Tuesday, March 06, 2012

Yoder's Politics of Jesus

I skipped through Yoder's famous book today and have been discussing it in broad strokes in a couple classes.  Many who come across this post may know much more about Yoder's thinking than I so I welcome refinement and correction.

I would summarize Yoder as follows.  God is the one who fights for us; followers of Jesus do not fight for themselves, especially not through violence.  Violence is never appropriate for a Jesus-follower.  The structures of the world, the powers of the world, are usually full of evil.  Our task as Christians is not to fight against the worldly powers but to give a witness by our voluntary submission to the hierarchies of a fallen world.

Yoder answers a number of objections to using the model of Jesus as a model for us to follow.  He of course also argues for a certain model of Jesus (thus Jesus didn't use his whip against the money changers but to drive the animals out of the temple).
  • The objection that Jesus' ethic was limited to his years on earth, an "interim" ethic before a kingdom that was going to come in force later.
  • The objection that Jesus' model was for a situation in which it was not conceivable to change the system.
  • The objection that Jesus only provides a model for individual response, not for government, which more appropriately turns to God the Father as a model.
I suspect that Yoder is far more right than wrong, although he represents one end of the spectrum to me.  
  • I accept the basic principles of Just War theory laid out by Augustine.  
  • I believe that Jesus' earthly ministry was phase one and that in the second coming phase he will not be so meek and mild
  • I do believe we should work for change more vigorously and engagedly with worldly powers when we can, although not usually with violence (I support Bonhoeffer's deviation in regard to Hitler).  I do accept reasonable force to protect the lives of others and, in some cases, in self-defense. 
  • I do think that God the Father provides a better model for governance and justice rather than Jesus when he was on earth.

But what do you think?


dan said...

I think his baseline for using Jesus as a model is that the cross is Jesus acting out the Kingdom of God.
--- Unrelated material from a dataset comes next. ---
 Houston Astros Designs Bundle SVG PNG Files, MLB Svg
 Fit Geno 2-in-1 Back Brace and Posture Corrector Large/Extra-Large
That Jesus revealing is a new ethic for us to live out; an ethic different than that of the kingdoms of this world. [I think this is fleshed out really well in Resident Aliens by Hauerwas]

I think that we need to make a distinction about, how God is fighting for us. Its that God's attack is the attack of love and justice.

[[And Yoder actually wrote a book [more a collection of essays] about practically living out nonviolence from practical examples.]]

As to Bonhoffer, Walter Wink (I believe), makes the note that his violence actually prolonged the war. Because when Hitler didn't die, he said it was God's providence which is keeping him moving. That injustice only leads to more injustice.

mwp said...

"Jesus didn't use his whip against the money changers but to drive the animals out of the temple"

Every time this account is used in a discussion of Jesus and violence (usually after the US has launched another war) I feel called to point out that this is it for the pro-violence side: one reference to a whip in one gospel. I'm not accusing you of misusing it here, but it's often referenced as if it were one example among others, rather than the whole ball of wax.

Ken Schenck said...

Good continuance of Dan's comment on the Facebook version.

mwp, I strongly agree. American Christianity is far more in need right now of the Yoder/Hauerwas voice than the Rambo Christian one.

Lysander Spooner said...

*Disclaimer* I have not yet read Yoder's book.

I agree with use of force in personal self defense, and in the defense of others. However, my objections to war as waged by the state -"just" or "unjust"- stems purely from the means by which it is funded. Everything the state does is a result of direct physical force or threat thereof. Therefore in the case of so called "just" wars they are still being funded by money taken by physical force from individuals who very well may not support said war. Thus, even just wars result in unjust violence.

I'm not advocating that Christians not pay taxes in light of what they are spent on. I believe that Romans 13 and its boarder literary context make it clear that we should adhere to the laws of the land as much as possible while maintaining allegiance to Christ and living at peace with society.

These objections aside, it is astonishing to see the "Christian Right" blindly and enthusiastically support a state of perpetual war, nation building, trampling of national sovereignty, and tens of thousands if not hundreds of thousands of civilian deaths in wars that are unconstitutional, unjust, and most definitely not waged in self defense.

How we can we possibly reconcile this with anything in the New Testament? I apologize that ended up being more of a rant than a question.

Angie Van De Merwe said...

Why is it necessary to find A "evangelical voice"? Why not embrace liberty of conscience as "the voice"? Isn't that what our American values support? Those that want to be "anti-government", super-spiritual, or those that want the other extreme, nominalism or skepticism could agree to disagree as to politics, and the political when it comes to "faith issues".

The only reason, it seems to me that faith needs definition is when power seeks to subvert a certain segment of society as to "liberty of conscience".